La parashà inizia con la mitzvà di nominare dayanìm (giudici) competenti e onesti e continua dicendo: “Non alterare la giustizia, non mostrare favoritismi e non farti corrompere, perché la corruzione accieca gli occhi dei saggi e fuorvia le parole dei giusti. Persegui giustizia, giustizia, affinché tu viva ed erediti la terra che l’Eterno, tuo Dio, ti da”. (Devarìm, 16: 19-20).
Rashì (Troyes, 1040-1105) citando un midràsh, commenta che la parola giustizia ripetuta due volte indica che bisogna rivolgersi a un bet din (tribunale) di superiore competenza, perché la nomina di dayanìm qualificati serve a mantenere in vita Israele e a farli risiedere nella loro terra.
Nessuna società può funzionare senza un sistema legale. Una delle sette leggi dei Noachidi è appunto quella di istituire un sistema legale. Inoltre è possibile che Rashì alluda anche alla mishnà nei Pirkè Avòt (Massime dei padri, 5:8) dove è scritto che vi sono sette disgrazie che capitano per altrettante trasgressioni. Una di queste è la guerra: “La spada viene nel mondo per il ritardo della giustizia, per la perversione della giustizia e per coloro che emettono decisioni di Torà in contrasto con la Halakhà”.
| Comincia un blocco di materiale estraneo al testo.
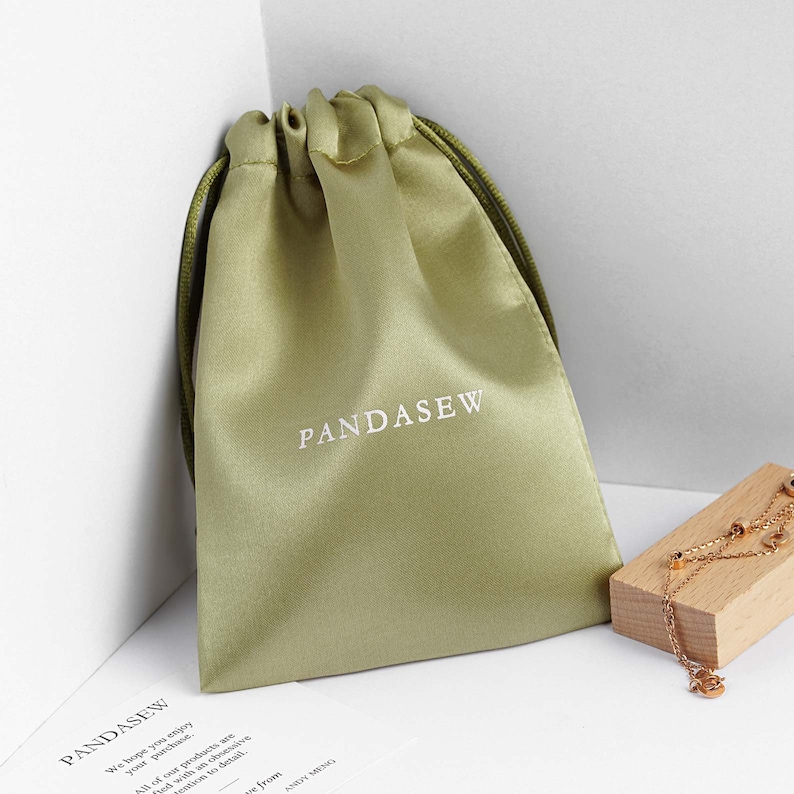 green satin bag with green smooth satin string, white logo on green satin bag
R. Pinechàs Kehati (Polonia, 1910-1976, Stato d’Israele) nel suo commento alla Mishnà spiega che il ritardo della giustizia avviene quando la decisione legale è chiara e i dayanìm tergiversano nell’emettere il verdetto; perversione della giustizia avviene quando viene assolto il colpevole e condannato l’innocente. Decisioni contrarie alla Halakhà avvengono quando viene permesso ciò che è proibito e proibito ciò che è permesso.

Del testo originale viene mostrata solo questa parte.